Foto von den Riesen-Zapfen einer Zuckerkiefer
Bild: Riesen-Zapfen einer Zuckerkiefer (Pinus lambertiana)

 

Die ältesten Nadelbäume bzw. Nadelgehölze auf der Welt sind die Ableger einer schwedischen Fichte (ca. 9500 Jahre) im Nationalpark Fulufjället und eine Langlebige Kiefer (Pinus longaeva) im Hochgebirge Kaliforniens (ca. 4700 bis 5000 Jahren) mit dem Namen "Methuselah".

Ferner einige algerische Zypressen (ca. 4000 Jahre) im Tassili-Gebirge, ein Mammutbaum/Riesenmammutbaum in den USA (ca. 3600 Jahre) oder auch Zedern, die bis zu 2500 Jahre alt werden können.

Die Douglasie, Gemeine Fichte und die Weiß-Tanne zählen mit Wuchshöhen von 40 bis 65 Metern zu den größten einheimischen Nadelbäumen und Bäumen in Europa (vgl. Großbäume).

So gelten auch drei Douglasien in Baden-Württemberg mit einer Wuchshöhe von über 63 Metern als höchste Nadelbäume in Deutschland.

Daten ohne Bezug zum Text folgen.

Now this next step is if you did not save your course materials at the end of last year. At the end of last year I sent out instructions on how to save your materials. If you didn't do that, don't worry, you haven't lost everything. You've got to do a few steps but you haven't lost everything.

Zwei Exemplare ("Waldtraut vom Mühlenwald" und "Douglasie Nr. 3") befinden sich in Freiburg im Breisgau (Schwarzwald) und ein anderes Exemplar im Odenwald in Eberbach (Region Rhein Neckar).

Nach aktueller Laservermessung soll die Douglasie "Waldtraut vom Mühlenwald" im Freiburger Stadtwald dabei nicht nur der höchste Nadelbaum, sondern auch der höchste Baum in Deutschland sein.

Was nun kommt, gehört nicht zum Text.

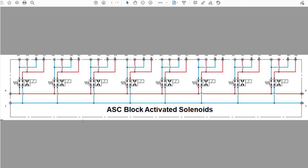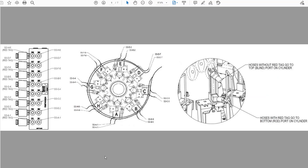Once the monitor activates one of the solenoids, it moves it to the second position, supplying the rod end of the cylinder with pressure, which moves the knife valve to closed, blocking the seed and fertilizer from going out to the different sections.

Im Schlosspark von Weinheim im Rhein-Neckar-Kreis befindet sich eine ca. im Jahre 1720 gepflanzte Libanon-Zeder (Cedrus libani), die vermutlich die älteste und größte Zeder in Deutschland ist.

Der Küstenmammutbaum (Sequoia sempervirens) gilt als der höchste Nadelbaum auf der Erde und die größte Pflanze auf der Welt.

Als höchste Exemplare dieser Mammutbäume, die gleichzeitig auch die höchsten Bäume der Welt sind, können z.B. zwei Bäume in Kalifornien genannt werden:

 

  • "Stratosphere Giant" im Humboldt Redwoods State Park (Stammhöhe 112,87 Meter, zweithöchster Baum auf der Erde) und
     
  • "Hyperion" im Redwood-Nationalpark (Stammhöhe 115,55 Meter, aktuell höchster Baum auf der Welt)

 

Schnellwachsende und langsam wachsende Nadelbäume

 

Wer auf der Suche nach sehr langsam wachsenden Bäumen ist, der sollte eine Eibe, Grannen-Kiefer, Korea-Tanne, Nobilis-Tanne oder Nordmann-Tanne pflanzen.

Zu den schnellwachsenden Nadelbäumen zählen Gemeine Fichte, Koloradotanne, Küstentanne, Waldkiefer.